"The WonkLine: December 10, 2009"
Welcome to The WonkLine, a daily 10 a.m. roundup of the latest news about health care, the economy, national security, immigration and climate policy. This is what we’re reading. Tell us what you found in the comments section below, and subscribe to the RSS feed. You can now follow The Wonk Room on Twitter, where we will be live-tweeting the Senate health care debate. Also, the Wonk Room’s Brad Johnson will be blogging and tweeting from Copenhagen on the United Nations Climate Change Conference.
According to the latest RealtyTrac data, “foreclosure filings in the U.S. will reach a record for the second consecutive year with 3.9 million notices sent to homeowners in default.”
The Associated Press reports that “an unexpected surge in college enrollment has created an $18 billion shortfall in the Pell Grant program, the biggest in its history.”

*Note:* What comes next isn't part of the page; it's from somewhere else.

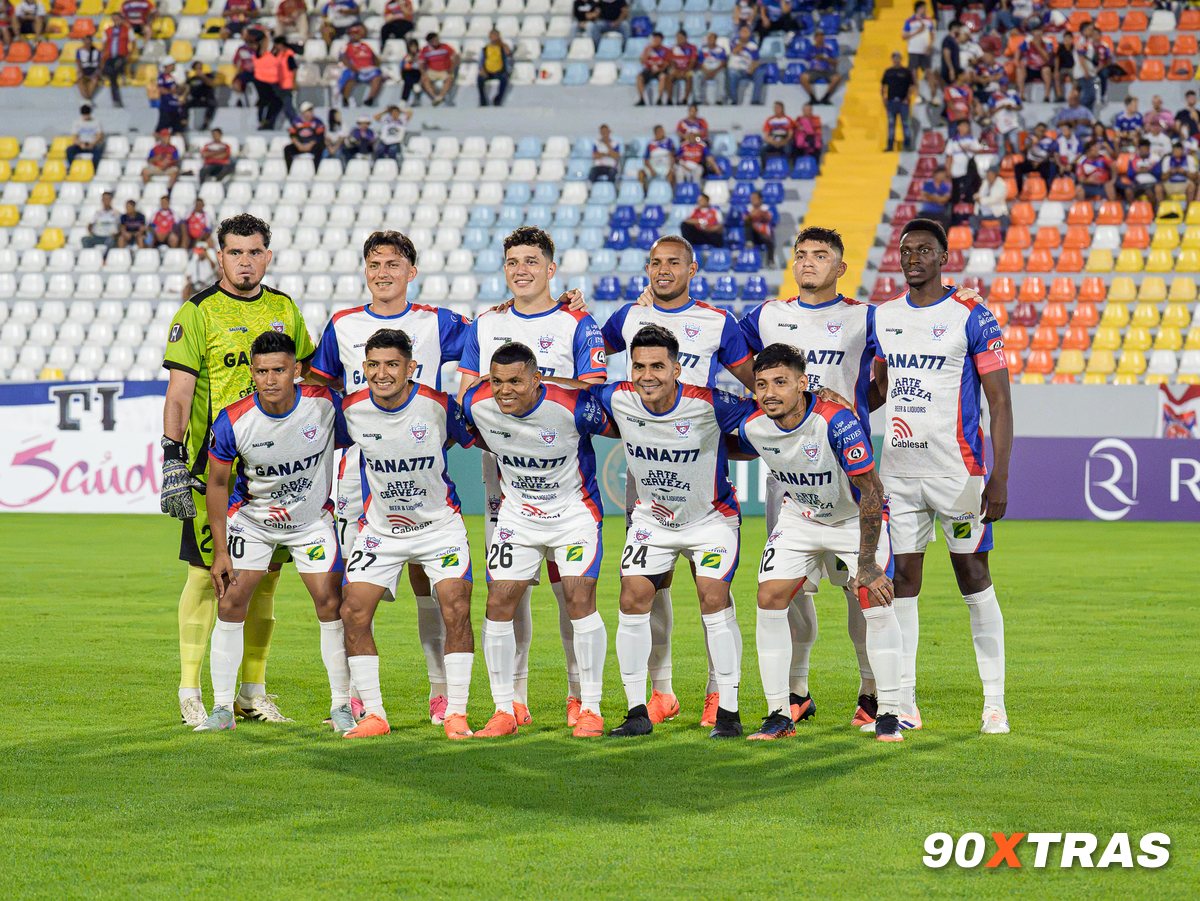Firpo vs Saprissa, photo 14 of 44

President Obama is bringing a dozen bank CEO’s to the White House next week “to press them to do more for the economy” — including increase lending — “even as many of the firms are striving to get out from under the government’s thumb.”
Former mayor of Hazleton, PA – Lou Barletta — announced that he will run to unseat his successor, though so far he has not touched the immigration issue that put his name in the headlines when he attempted to drive undocumented immigrants from his city.

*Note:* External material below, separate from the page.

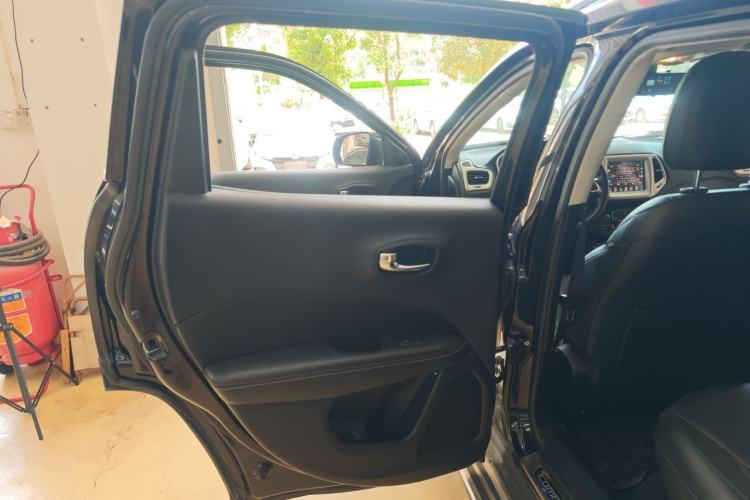 Used Jeep Compass 2017 200T Automatic Family Edition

The Wall Street Journal points out that immigration law gives “an anonymous group of government bureaucrats a lot of cultural clout” by allowing them to decide who is “culturally unique” enough to receive a performer visa and visit the U.S.
Last year, an estimated 61 percent of new businesses were launched by immigrants as more immigrant-owned businesses are starting to pop up at levels unimaginable decades ago.
“Democratic aides said the Medicare provision could still be dropped or altered before the measure advances to the floor. That could happen as soon as next week, assuming Reid can answer remaining questions. Democrats hope to keep the legislation on track for final passage before Christmas.”
Later today, Sen. Ron Wyden (D-OR) and Sen. Susan Collins (R-ME) “will release a bipartisan package of amendments to the health-care reform bill. One of them is really good. One of them is harder to evaluate. And one of them is rather small. But all are worth taking seriously,” Ezra Klein concludes.
The Hill has a great roundup of lawmaker reactions to the public option compromise.
“As the climate change summit meeting moves forward in Copenhagen, it is increasingly clear that more than just the environment is at stake,” writes Mikhail Gorbachev. “The global environmental crisis is at the heart of practically all the problems now confronting us, including the need to create a global economic model grounded in the public good.”
Renowned climatologist Stephen Schneider was accosted by wingnut climate-denier filmmaker Phelim McAleer, who “took to the stage and repeatedly asked professor Schneider if he ‘approved of deleting data’.”
India and China have blocked discussions of Tuvalu’s proposal to strengthen the Kyoto Protocol to require all countries, not just industrialized nations, to reduce their emissions.
President Obama accepted the Nobel Peace Prize today “acknowledging the irony of winning it as a wartime president and calling his own accomplishments “slight” in comparison to past winners. But in his speech to the Nobel Committee, Obama spoke of the concept of a “just war” and the pursuit of a “just peace,” which he said sometimes depends on more than simply refraining from violence.”
“Five young men from Northern Virginia have been arrested in Pakistan at the home of a man linked to a radical jihadist group, and Pakistani authorities are questioning them about any possible links to terrorism, diplomatic and law enforcement officials said Wednesday.”
“A bare majority of Americans support President Obama’s plan to send 30,000 more troops to Afghanistan, but many are skeptical that the United States can count on Afghanistan as a partner in the fight or that the escalation would reduce the chances of a domestic terrorist attack, according to the latest New York Times/CBS News poll.”